Hoy, mientras estaba escribiendo esto, me acerca A. este artículo. ¡Qué sabia es la Lindo! 


Como en estos viajes cruzamos media España, nos ponemos un poco noventayochistas y damos en reflexionar sobre el país, sobre todo cuando va conduciendo A. y P., detrás, no dice esta boca es mía, escuchando como va, en su mp3, a La Raíz, en monocultivo musical. En las mesetas el paisaje es muy pobre. Con muy pocos árboles. Antes de Madrid se pueden ver algunos olivos, algunas encinas, algunos pinos. Poca cosa. También hay viñas que forman una extraña caligrafía sobre el papel viejo de la tierra. Luego aparecen los arrabales madrileños, tristísimos. Seseña y los grandes bloques de pisos vacíos. Cortar árboles y levantar feos edificios en mitad de la nada, ese es nuestro carácter. Luego, en la otra meseta, hay incluso menos árboles. Todo parece ser horizonte. Un horizonte que nunca acabamos de alcanzar. Y a lo peor es por eso, pensamos mientras estamos a punto de quedarnos dormidos, la sien contra el cristal de la ventanilla, es por esta sequedad tan grande, por estos horizontes tan apabullantes, por lo que les da a muchos por salir con un pirulí en la cabeza. ¿Quién sabe? Y entonces me duermo. Hasta que aparecen las grandes montañas, con su rebequilla de nieve sobre los hombros, y A. me da un codazo, porque sabe que es ese un momento que no me gusta perderme.

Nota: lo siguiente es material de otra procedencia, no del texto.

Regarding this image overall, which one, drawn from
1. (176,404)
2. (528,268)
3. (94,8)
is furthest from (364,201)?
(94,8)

El primer día nos fuimos a ver un espectáculo de cabaret en El Fontán, con C. y H. Actuaba, para celebrar la inauguración de un puesto de legumbres finas y exquisitas, Rodrigo Cuevas, que es un artista inefable, nuestro Fredy Mercuri particular (adjuntamos vídeo). Llovía bastante y rascaba el frío, pero nos convidaron a vino y se estaba bien allí, dentro del mercado, rodeados de gentes de todas clases, que jaleaban las canciones del artista. Después, ya en casa, leímos en el periódico que aquella lluvia había impedido sacar la procesión de los Estudiantes, y se veían fotos de penitentes apesadumbrados y llorosos.

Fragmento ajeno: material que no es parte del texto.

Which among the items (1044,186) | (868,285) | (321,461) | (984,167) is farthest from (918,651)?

La tarde siguiente quedamos a merendar con mi prima A. La recogimos en su casa, en el barrio de La Tenderina, y al acercarnos al centro, mientras nosotros aparcábamos, se bajó con P. y le llevó a una librería libertaria y le regaló el Manifiesto comunista... Luego, después de la merienda en el Paraíso, de vuelta en busca del coche, nos pilló la procesión de los Estudiantes. Como no había podido salir el día antes, le buscaron un hueco esa tarde. Como salen muy pocas procesiones, en Oviedo hay sitio de sobra para estas cosas. Nos la tropezamos en la calle Jovellanos, pasando frente a las Pelayas. Por culpa de la dichosa procesión tuvimos que dar una vuelta enorme para salir del centro con el coche. Me llevaban todos los demonios.


Al día siguiente, Jueves Santo, estuvimos en Gijón. Como si fuese un día cualquiera. Dimos un paseo con mi prima M.J., por el Muro, a orilla del mar. Merendamos con ella en un lugar donde sirven unas tartas inefables, como tronos de procesión sevillana, pero dulcísimos, con chocolate por todas partes. Volvimos a pasear por el mismo lugar, de vuelta. Y por la noche quedamos a cenar con  A. y N., en una sidrería igualmente gloriosa. Fue un día absolutamente laico y maravilloso. No nos importaría que todos se le pareciesen.